● **WORK TO COMPLETE**: Starting from the line with "Sicarios asesinan a" and going up to and including the line with "Kokun Bamboo & Cashmere Sweater", copy the listing below exactly. Leave all images out.

● **MATERIAL SHOWN**:
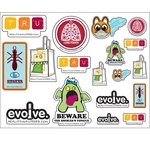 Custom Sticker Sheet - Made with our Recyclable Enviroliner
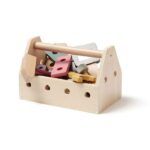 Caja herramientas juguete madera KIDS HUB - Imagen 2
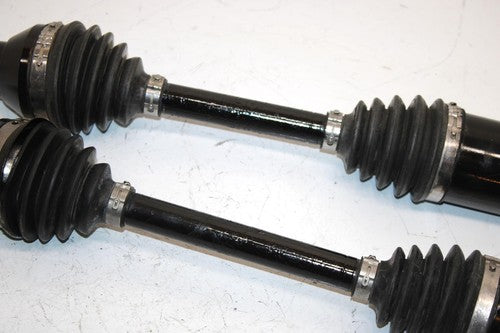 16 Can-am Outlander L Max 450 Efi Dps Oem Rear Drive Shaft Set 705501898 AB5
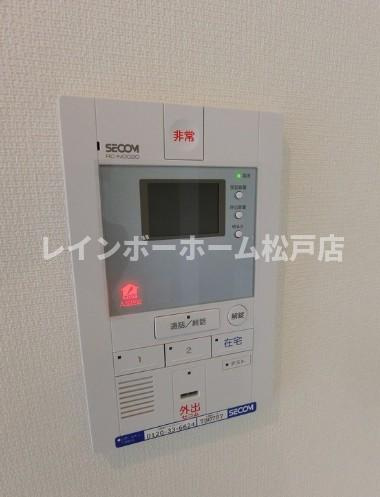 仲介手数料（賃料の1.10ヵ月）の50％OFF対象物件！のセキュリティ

...

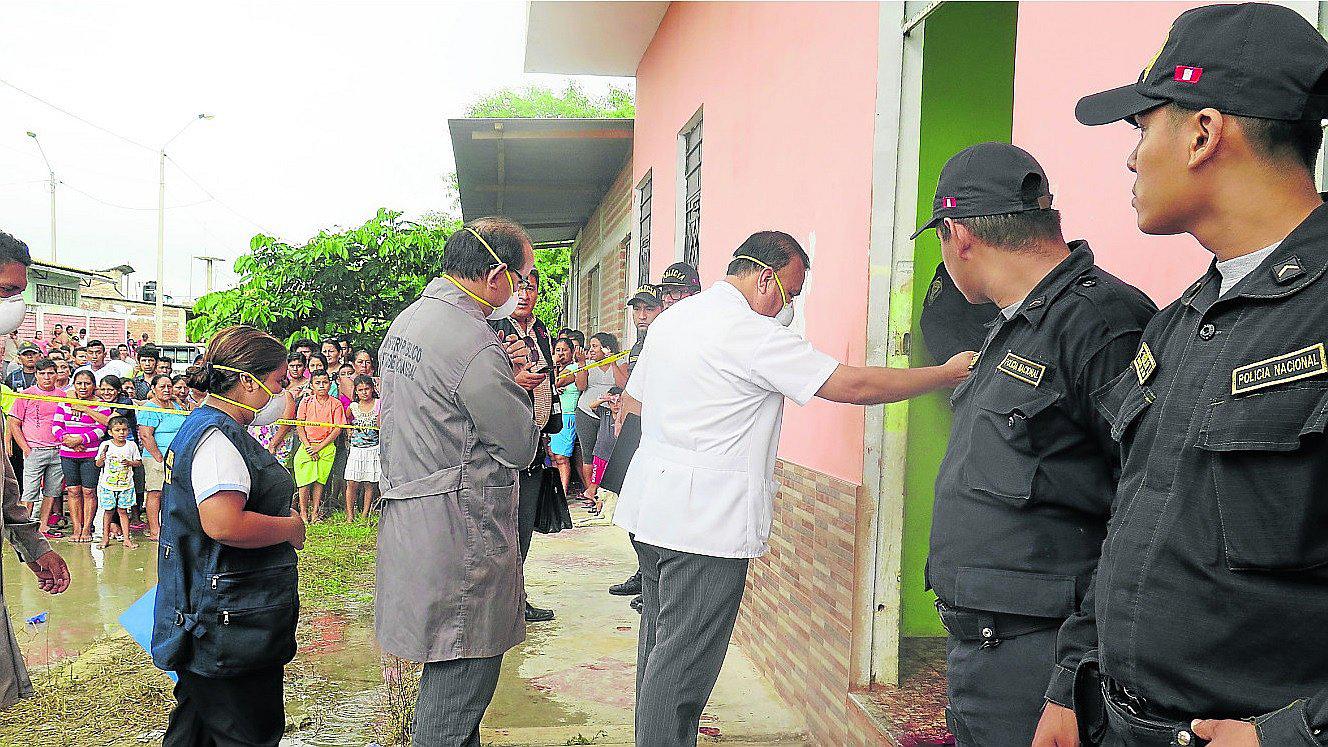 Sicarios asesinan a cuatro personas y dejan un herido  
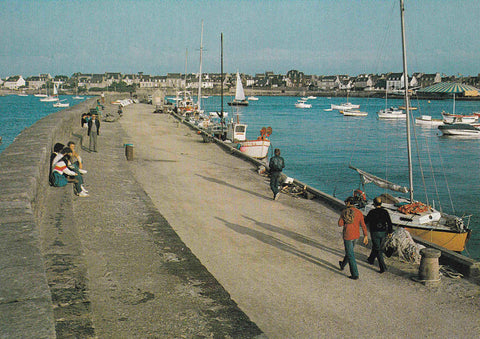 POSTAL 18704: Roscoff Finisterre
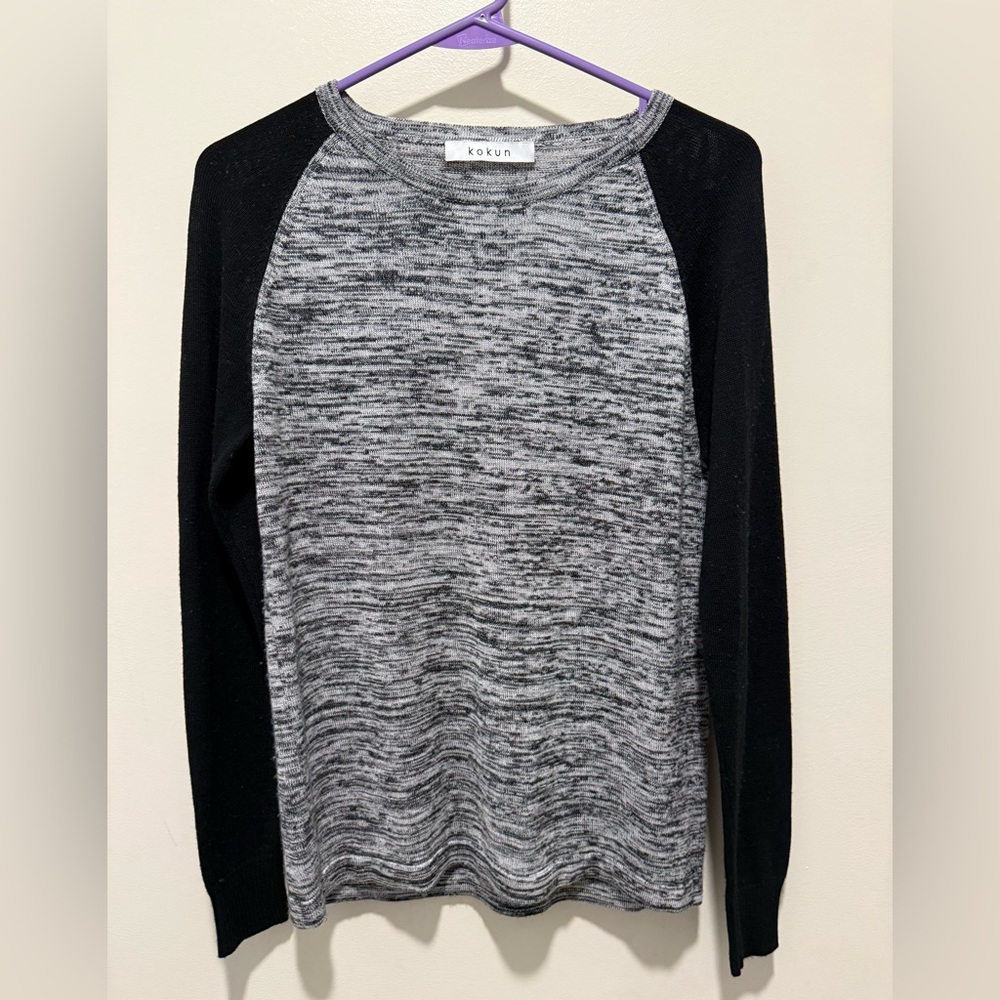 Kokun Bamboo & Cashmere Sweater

● **RESPONSE BOX**:
 Sicarios asesinan a cuatro personas y dejan un herido  
 POSTAL 18704: Roscoff Finisterre
 Kokun Bamboo & Cashmere Sweater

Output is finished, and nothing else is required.